It’s been a few years since we heard anything about the planned big-screen adaptation of legendarily terrifying kid’s book series Scary Stories to Tell in the Dark. Since then, the project’s biggest champion, Guillermo del Toro, won a couple of Oscars—which no doubt helped it get a big push forward.
Before you get too excited, del Toro isn’t going to direct this one; he’ll co-produce and also co-wrote the adaptation of Alvin Schwartz’s cult-beloved book series. But you should still get pretty damn excited because the director is André Øvredal, who made 2010's mock-doc Trollhunter (not to be confused with del Toro’s Trollhunters Netflix series) as well as 2016's very well-received horror entry The Autopsy of Jane Doe.

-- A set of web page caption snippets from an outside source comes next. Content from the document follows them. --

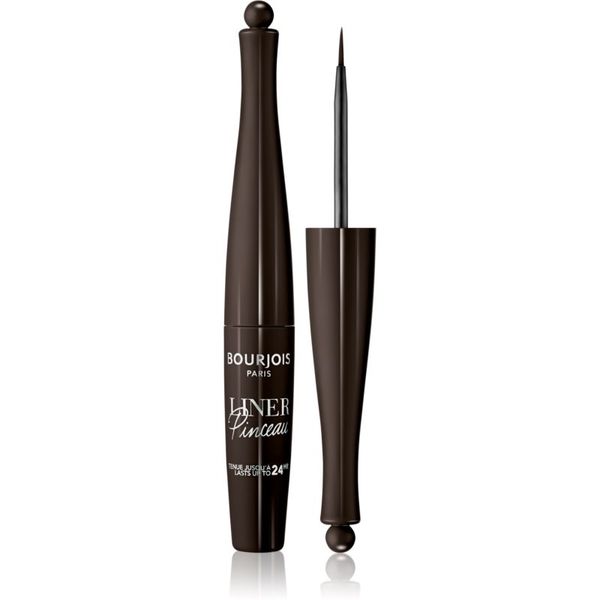 Bourjois Bourjois Liner Pinceau eyeliner s dugotrajnim efektom nijansa 02 Brun Impressionniste 2,5 ml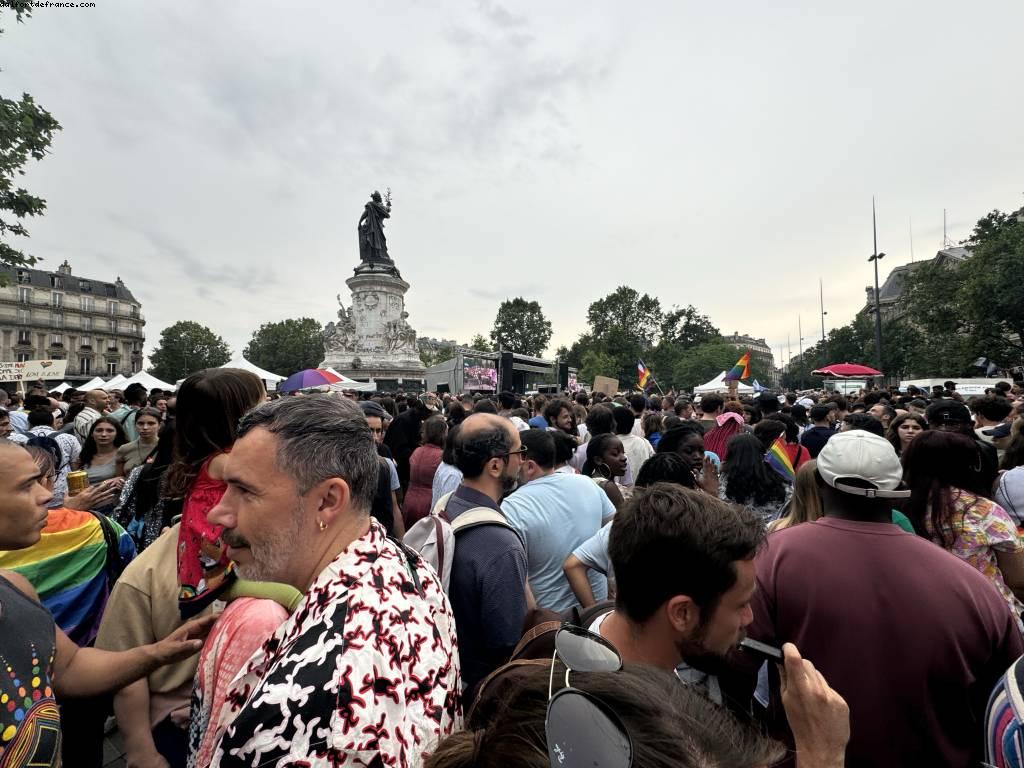 Gaypride Paris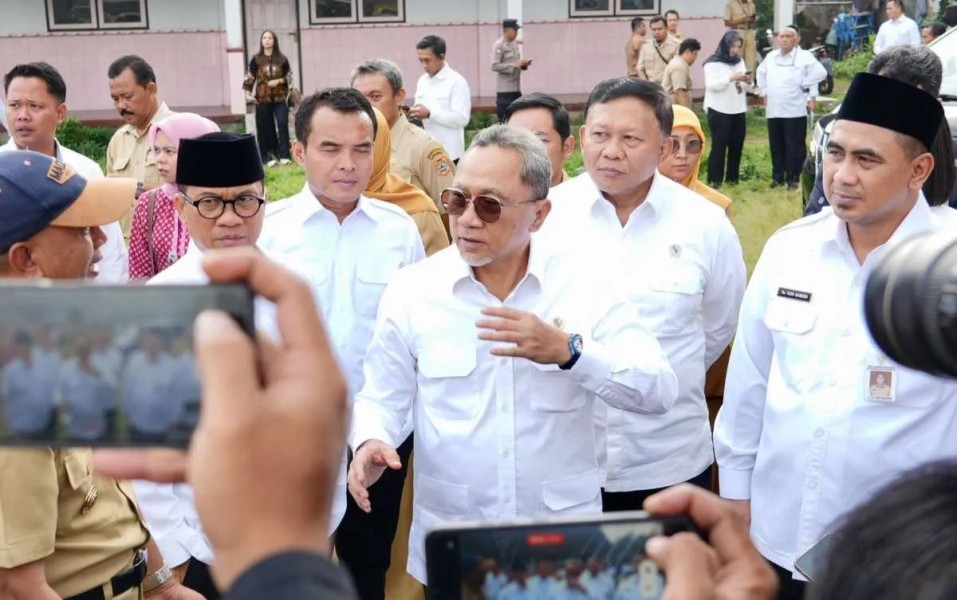 PP 1/2026 Berlaku, Produk Makanan Minuman Gula Garam Lemak Tinggi Wajib Berlabel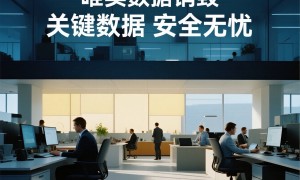福建唯实数据群晖NAS存储方案 数据合规与勒索防护实务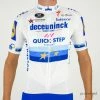 Vermarc SP.L Aero Short Sleeve Jersey - European Champ. - Deceuninck Quick-Step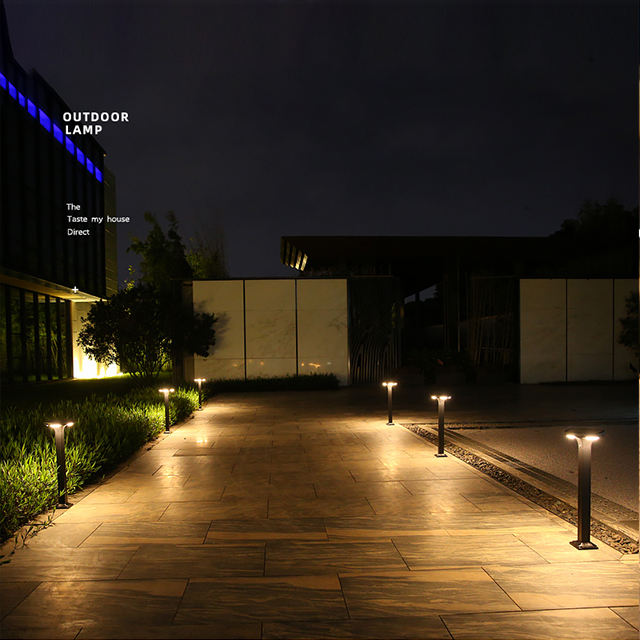 LED Solar light-CP-09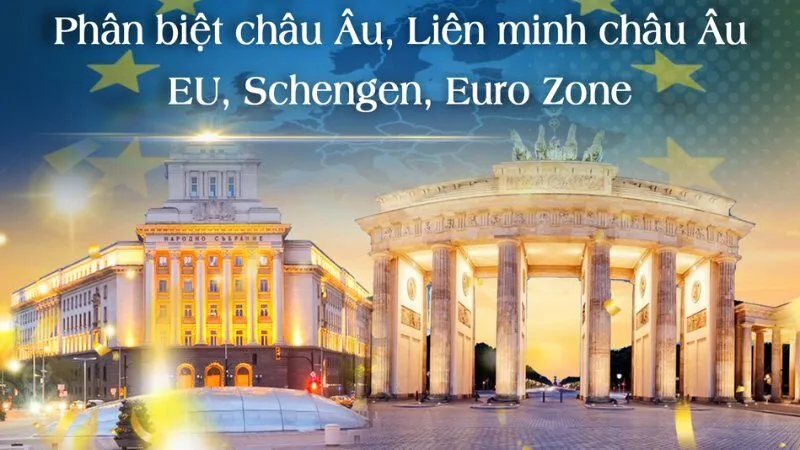 Schengen Là Gì? Danh Sách 29 Nước Và Quyền Lợi 2026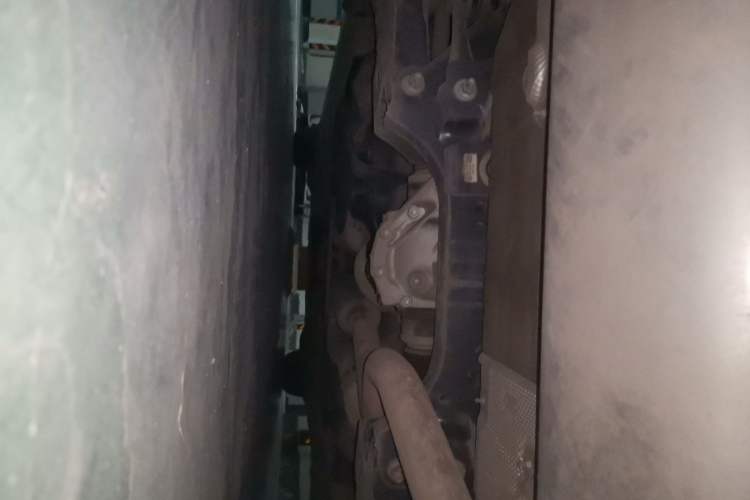 Used BMW 3 Series 2014 320Li Fashion Model Chassis Rear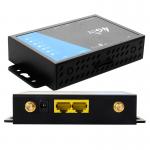 MT7628N 3G 4G LTE Industrial Router Wireless For Monitoring Network for sale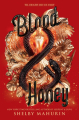 Couverture Serpent & Dove, tome 2 : Blood & Honey Editions HarperTeen 2020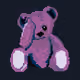 Pixel bear V2 - old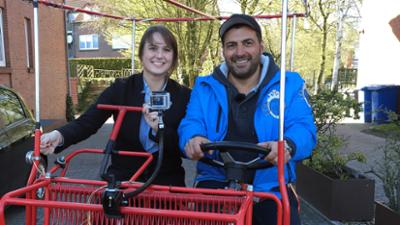 Der Trödeltrupp: Staffel 14, Folge 39: Sükrü bei Vanessa und Ayse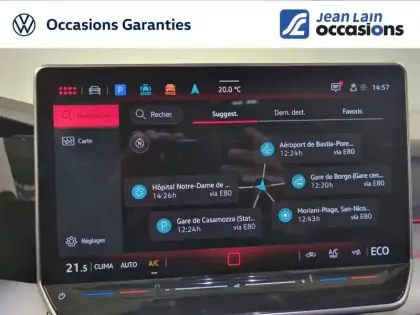 Photo 17 Volkswagen Golf  1.5 eHybrid 204 DSG6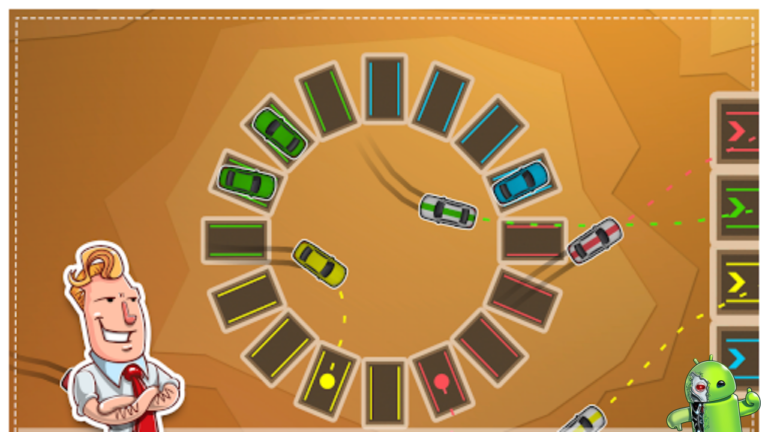 Valet Frenzy Disponível para Android
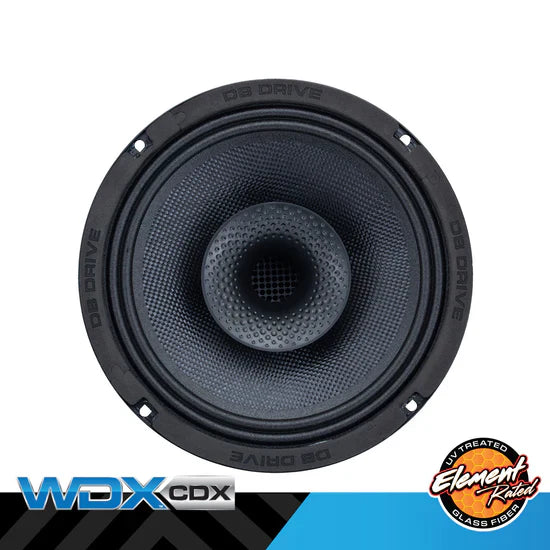 db drive WDX8MOTO-CDX: 8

It sounds like a great match between producer and director, not to mention source material, which could follow in the blockbuster success of It with its tale of a group of young friends facing macabre, supernatural forces. Schwartz’s YA books, which came out between 1981-1991 and drew inspiration from folklore, urban legends, and classic ghost stories, are revered not just for their prose but for their freaky, bone-chilling Stephen Gammell illustrations (accept no substitutes from any later editions).
Considering del Toro owns several of Gammell’s original drawings, it seems likely that the images that’ve been burning themselves into the minds of young readers for decades now will influence the movie’s imagery, too. Scary Stories to Tell in the Dark is set to begin filming this summer.